Ethics Committee Formal Opinion #1993-94/7
Candor to Tribunal: Use of Questionable Evidence in Criminal Defense
January 27, 1994
A Lawyer must not offer evidence to a tribunal that the lawyer knows to be false. (Rule 3.3(a)(3)).
A lawyer may refuse to offer evidence that the lawyer reasonably believes is false. (Rule 3.3(c)).
If a lawyer refuses to offer evidence because the lawyer believes it to be false, the lawyer must promptly notify the client. (Rule 1.4(a)).
In criminal cases, a defense lawyer’s options under Rule 3.3 may be qualified by constitutional provisions for due process and the right to counsel. ( ABA Comment to Rule 3.3).
- Is it ethically permissible for an attorney, during a criminal representation of a client, to use an affidavit obtained by the client’s prior attorney, when such affidavit (absolving client of criminal liability), contradicts prior statements of the affiant (an alleged co-conspirator of client’s)?

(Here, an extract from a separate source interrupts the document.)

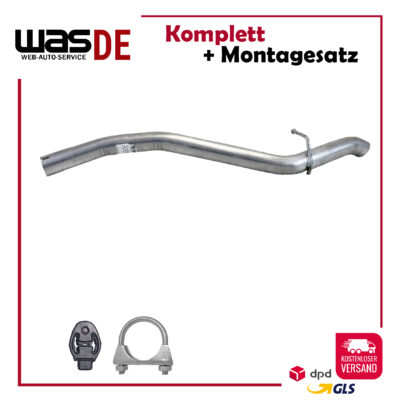 Endrohr für Ford Focus/C-MAX 1.4/1.6/1.8/2.0 Rohr Hinten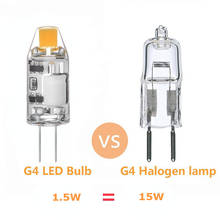 10pcs G4 COB LED Lamp 12V AC DC 1.5W NO Flicker 360 Degree LED G4 Bulb Lampada Lampara Home Light Replace 15W Halogen Lamp 2024 - buy cheap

- What ethical limitations are there for a lawyer representing his client in a criminal proceeding in using an affidavit not known to be false, but clearly contradicted by prior statements and actions of the affiant?
- Does the fact that the attorney is aware that the client’s prior attorney who prepared the affidavit withdrew for “ethical reasons,” preclude attorney’s use of an affidavit absolving client of criminal liability, which affidavit the attorney does not know to be false?